广徽晨 发表于 6 天前

乡村邪恶势力(转载)

  
  凤凰知道]那些输出罪恶的乡村
  来源: ifeng, 2014/01/03 13:47:22,   
  第175期
  凤凰新闻客户端编辑:阮洋
  【导读】广东警方昨日通报,2013年12月29日,警方出动3000全副武装警力,清剿“第一大毒村”陆丰市博社村,一举摧毁以陆丰籍大毒枭为首的18个特大制贩毒犯罪团伙,缴获冰毒近3吨。
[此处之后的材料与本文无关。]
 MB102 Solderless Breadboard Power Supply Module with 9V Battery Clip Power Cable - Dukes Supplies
  名不经传的海边小村至此名满天下。其实除了这个被称为“第一大毒村”的博社村,在中国,以某种犯罪著称的乡村不是孤例。
  ●广东陆丰博社:“第一大毒村”
  短短一则警方通报如看一部警匪大片。
  据通报及新闻报道,在上月29日代号为“雷霆扫毒”的行动中,三千警力组成109个抓捕小组、启动直升机、边防快艇、防暴犬凌晨清缴“毒品堡垒村”广东陆丰市博社村,抓捕嫌疑人182名,缴获冰毒近3吨、制毒原料23吨。
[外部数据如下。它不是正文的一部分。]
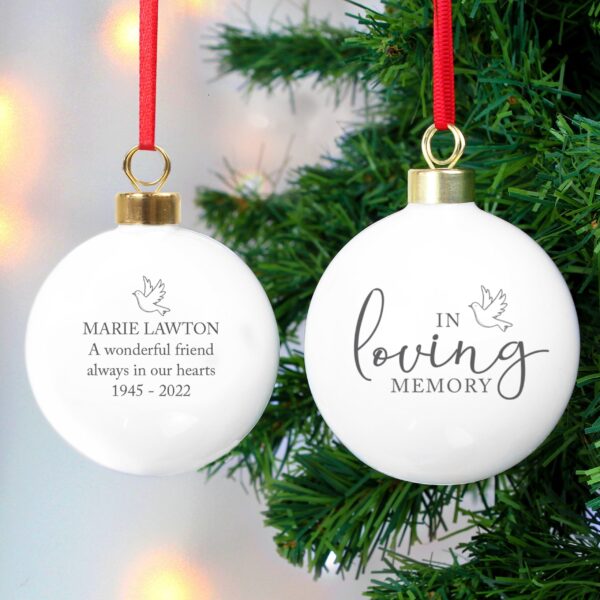 Personalised In Loving Memory Bauble: 2 - Christmas Baubles By Gift Moments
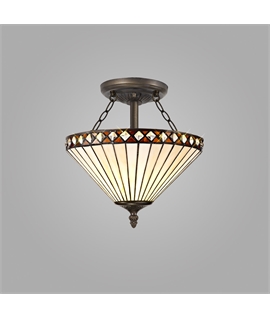 Rossi 2 Light Semi Flush E27 With 30cm Tiffany Shade, Amber-Cream-Crystal-Aged Antique Brass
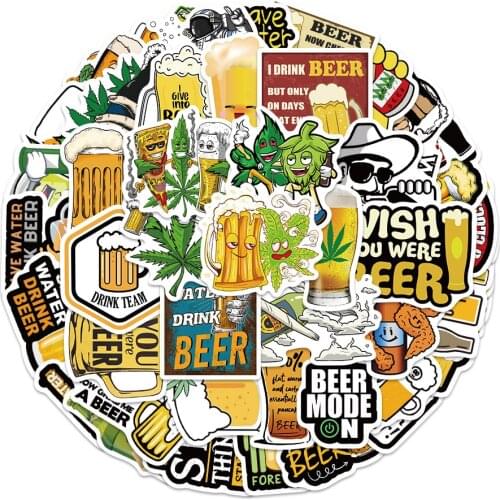 Funny Drink Beer Stickers 50pcs Pack Spoof ExpressionGraffiti Decal Sticker For DIY Laptop Motorcycle Helmet Guitar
  和抓捕过程同样“精彩”的,是“毒品堡垒村”博社村内部运作模式。
  据史料记载,博社村始于南宋,蔡姓由福建莆田迁此置居。至今,博社村也只有“蔡”这一个姓。在外人看来,这个遍布成排豪华别墅、豪华汽车的村落,是座富裕、祥和的新农村。但当有外人询问村民,他们发家致富的经验时,村民大多闪烁其词、神情诡异。
  因为这是“不能说是秘密”。
  毒贩一般不会让非蔡姓者或者其他门头的人参与“生意”,他们只相信自己人。在这里,毒品加工已成为分工明确的生产线,例如剪麻黄草、剥“康泰克”胶囊这些手工活,已“外包”给老弱妇孺。村里一些妇女将麻黄草剪成三四厘米长的小段,一天就可以得到三五百元。有些小学生利用寒暑假,将“康泰克”剥开,倒出里面的粉末,一个月可以挣到1万多元。与此同时,博社村支部书记蔡东家等14名党政干部、当地派出所所长及民警则充当“保护伞”。
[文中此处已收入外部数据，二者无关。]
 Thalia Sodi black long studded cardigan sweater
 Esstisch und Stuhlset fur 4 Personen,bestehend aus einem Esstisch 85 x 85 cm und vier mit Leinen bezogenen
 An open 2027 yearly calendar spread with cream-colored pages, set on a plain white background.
  在封闭的博社村内,油、电、水全部自给自足,对陌生面孔也十分警惕。如果遇到警察,只要一进村,村里两三百辆摩托车就会将其团团围住,村里的路上会放下钉板,楼上砸石头。村民手里有仿制枪支,甚至还有AK47、土制手雷、弓弩等杀伤性武器。”
  几近全民参与的制毒让村内所有人对毒品见怪不怪。在博社村村口,垃圾堆放处甚至曾经立了一个落款为“村委会”告示牌:“严禁乱倒制毒垃圾!”
  ●云南平远:曾经的 “法外天地”
  一切如昨日重现,今日之陆丰博社俨如当年的云南平远。
  1992年的云南省平远街,俨然是国家“法外天地”:人们不必办户口和身份证,不执行计划生育政策,种地不交粮,经商不纳税,买汽车不挂牌。在这里家家私藏武器,贩卖枪支;户户经营毒品,盗窃、抢劫、杀人屡屡发生。公安分局被砸,执行任务的警察被打死。
  平远街有各类赃车500多辆,不乏军车、警车。云南省公安厅八处212吉普车,被盗至平远街又高价卖到河北省霸县;第十四军一辆野战用通讯车被盗卖,公安局做了大量工作,部队花2万元才赎回;个旧市公安干警追查赃车,一进村就被几十名持枪的黑恶势力包围。
  平远街是境外贩运武器的中转站。比贩枪更猖撅的是贩毒,从境外把毒品运到平远街,然后再贩运到广州、香港、澳门,平远街成了国际贩毒的大通道。平远街活脱脱成了魔鬼当道的世界。
  1992年,云南省决定对平远街开展大规模严打斗争。8月31日凌晨7点,几千名武装警察包围了宽达38公里的平远七村。平远街的大毒枭们用贩毒的高额利润修筑了一座座金碧辉煌的宫殿式别墅,建筑钢筋水泥的碉堡,易守难攻。其中,毒枭马明的住宅工事坚固,囤积了大量武器弹药,床头靠着冲锋枪,卧室里还放着手榴弹,他以火箭筒等多种武器顽抗,后被当场击毙。
  ●青海化隆、广西合浦、贵州松桃:中国三大“地下兵工厂”
  但说到武备,平远街又岂及青海化隆县、广西合浦县、贵州松桃县这三个被称为中国三大“地下兵工厂”的“小地方”。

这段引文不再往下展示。